Pourquoi des matériaux lourds seraient-ils en surface et non en profondeur ?

La réponse courte est la pression de l’eau. Sans entrer trop loin dans les détails, regardons ce que vous voyez lorsque vous marchez pour la première fois sur un ruisseau. Il y a toujours des zones d’eaux profondes et peu profondes. Les deux sont importants et la compréhension est la clé. Vous êtes plus susceptible de trouver de l’or dans les couches supérieures de graviers juste en aval d’un trou profond d’eau pour une raison simple. Tout ce qui a traversé ce trou d’eau a été refoulé au sommet des graviers par une pression d’eau élevée. Lorsqu’un arbre a été renversé lors d’une inondation dans les graviers, l’eau va se déplacer autour de l’obstacle creusant le gravier environnant.

Lorsque les eaux de crue se retirent, il y aura une zone d’eau profonde autour de la motte de racines et une queue de graviers peu profonds en aval de celle-ci. C’est probablement le meilleur exemple, mais certainement pas le seul où l’or est ramené à la surface par des couches plus profondes de graviers. Cet arbre a peut-être connu de nombreuses inondations au cours de sa vie et vous pouvez être sûr que de nombreuses couches d’inondations se sont déposées autour et derrière. Maintenant, il faut dire que cela ne garantit pas que l’or sera là. L’emplacement de l’arbre dans le lit du cours d’eau a beaucoup à voir avec ce qui a été déposé en aval de celui-ci.

À retenir !

Pendant cette prospection, il va falloir comparer le contenu de vos pans dans les différents en droit testés. Vous avez systématiquement trié des graviers bruts sans tamisage ce qui permet d’avoir un réel point de comparaison entre le volume de gravier et la quantité d’or.
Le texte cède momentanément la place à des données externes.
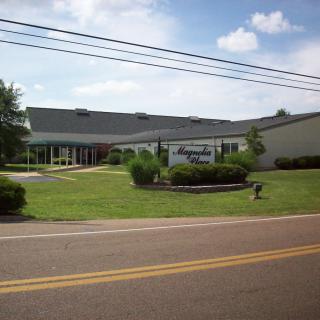 A building with a visible sign, situated alongside a road with greenery and a clear sky.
orpailage au bord de l'eau

Lors de votre prospection, il faut absolument voir le maximum d’endroits différents sous toutes les configurations possibles pour dresser un schéma complet du lieu où vous êtes. Maintenant que ce schéma est clair, le prochain travail sera de trouver l’endroit idéal pour poser votre rampe de lavage et vider toutes les zones riches en or. À ce moment-là, comme je dis toujours, le calcul est simple, plus vous passerez de graviers dans votre rampe, plus vous récolterez d’or. C’est la partie « exploitation », la plus lucrative en termes de trouvaille mais la moins intéressante en termes de loisir.